Repeat the records below word for word and omit each image.

■ **GIVEN RECORDS**
=== Section Start ===

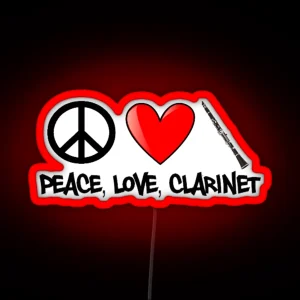 Peace Love And Clarinet RGB Neon Sign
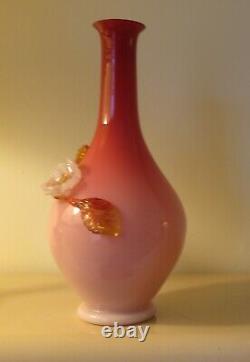 Victorian Stevens & Williams Peachblow Glass Vase with Applied Floral Decoration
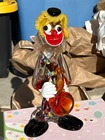 vintage hand blown murano art glass clown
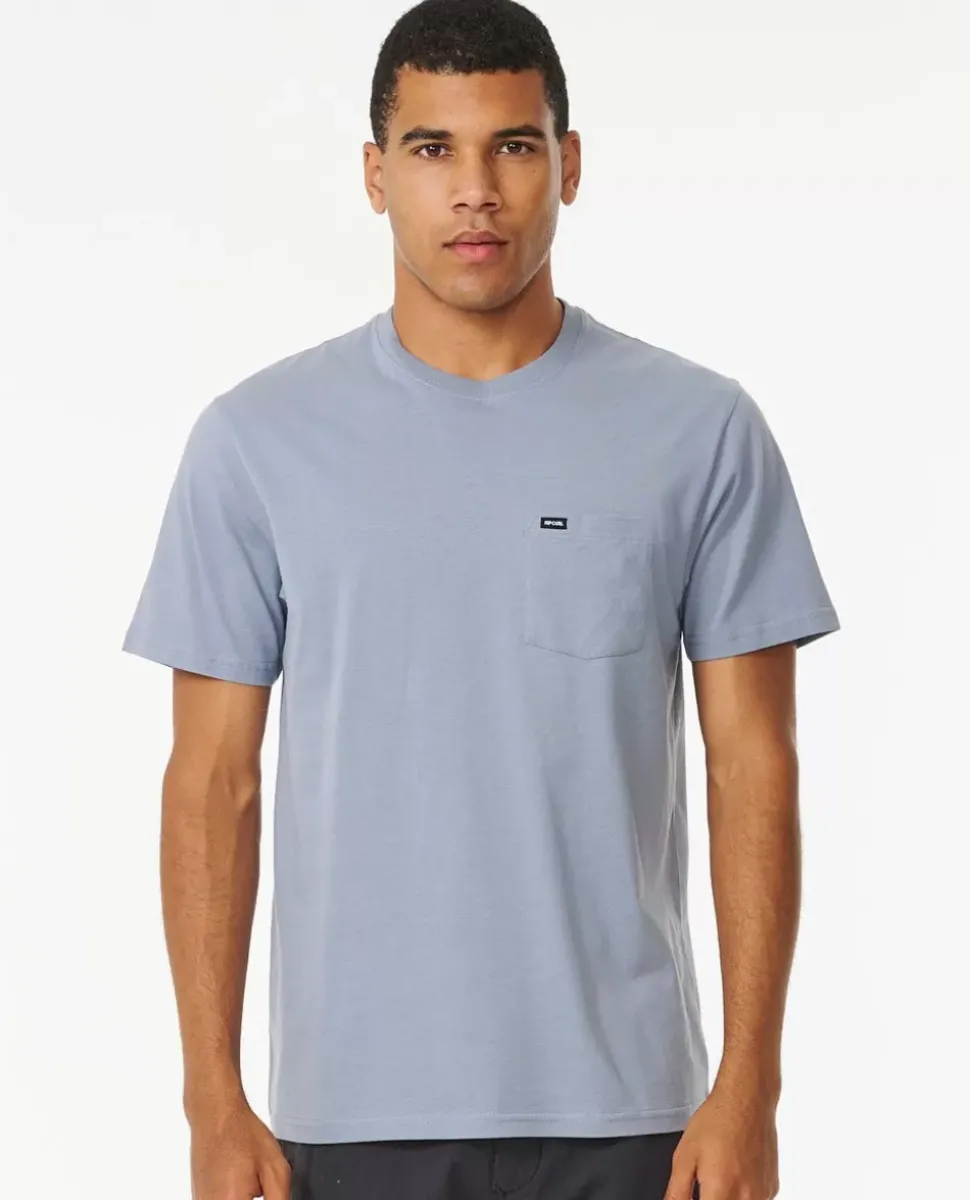 T-shirt De Manga Curta Com Bolso Simples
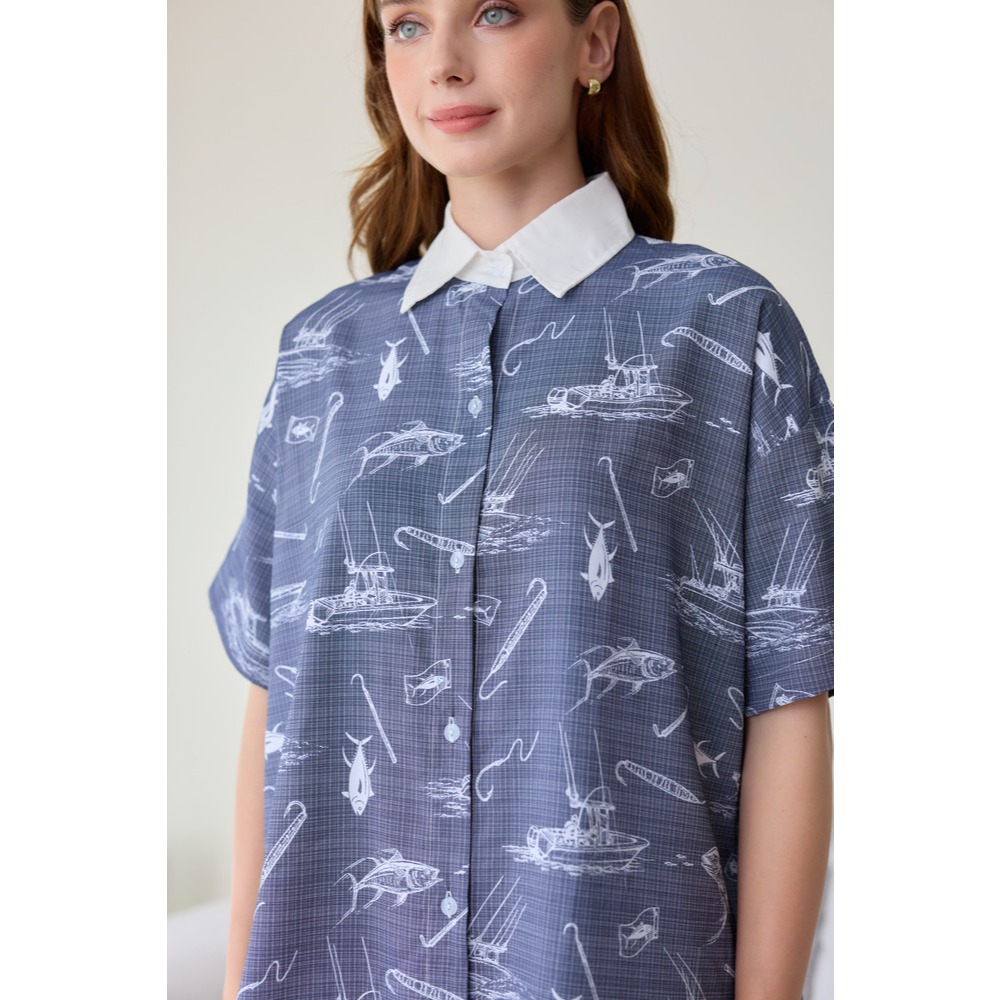 ชุดเซตเสื้อ กระโปรงกางเกงลาย Grey Sailor Classic ผ้าคอตตอนญี่ปุ่นใส่สบาย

=== Section End ===

■ **ANSWER BELOW**
 Peace Love And Clarinet RGB Neon Sign
 Victorian Stevens & Williams Peachblow Glass Vase with Applied Floral Decoration
 vintage hand blown murano art glass clown
 T-shirt De Manga Curta Com Bolso Simples
 ชุดเซตเสื้อ กระโปรงกางเกงลาย Grey Sailor Classic ผ้าคอตตอนญี่ปุ่นใส่สบาย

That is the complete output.